From the data that follows, set down exactly the lines from the one with "Red and Black Zebra Fused Glass Dish" through the one with "农村祠堂su模型下载_sketchup草图大师SKP模型", counting both. Pictures stay out.

**DATA FOR THIS EXERCISE:**
□ □ □ □
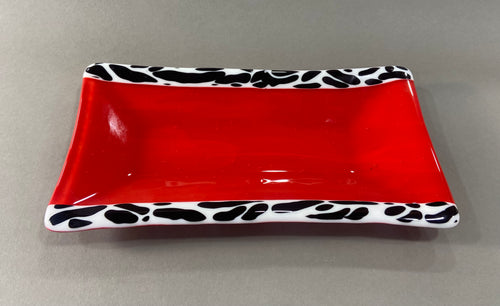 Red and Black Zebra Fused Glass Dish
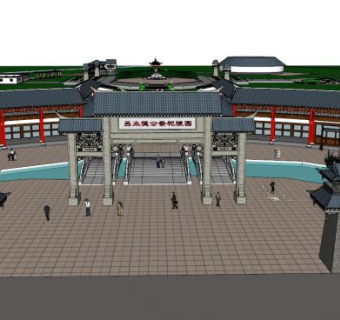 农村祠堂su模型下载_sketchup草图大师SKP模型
□ □ □ □
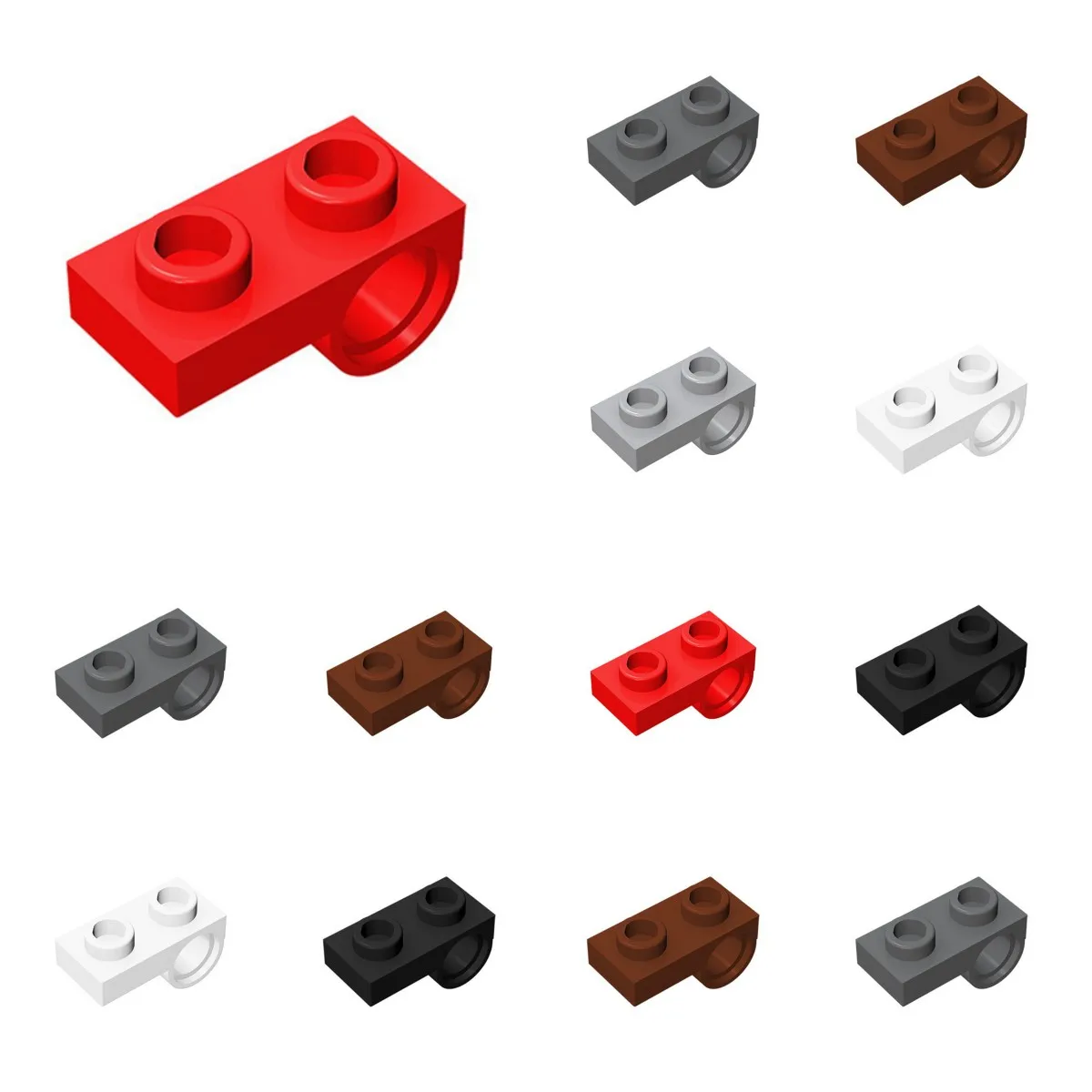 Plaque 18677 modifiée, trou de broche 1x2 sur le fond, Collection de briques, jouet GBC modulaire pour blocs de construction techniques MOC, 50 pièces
□ □ □ □
**WRITTEN ANSWER:**
 Red and Black Zebra Fused Glass Dish
 农村祠堂su模型下载_sketchup草图大师SKP模型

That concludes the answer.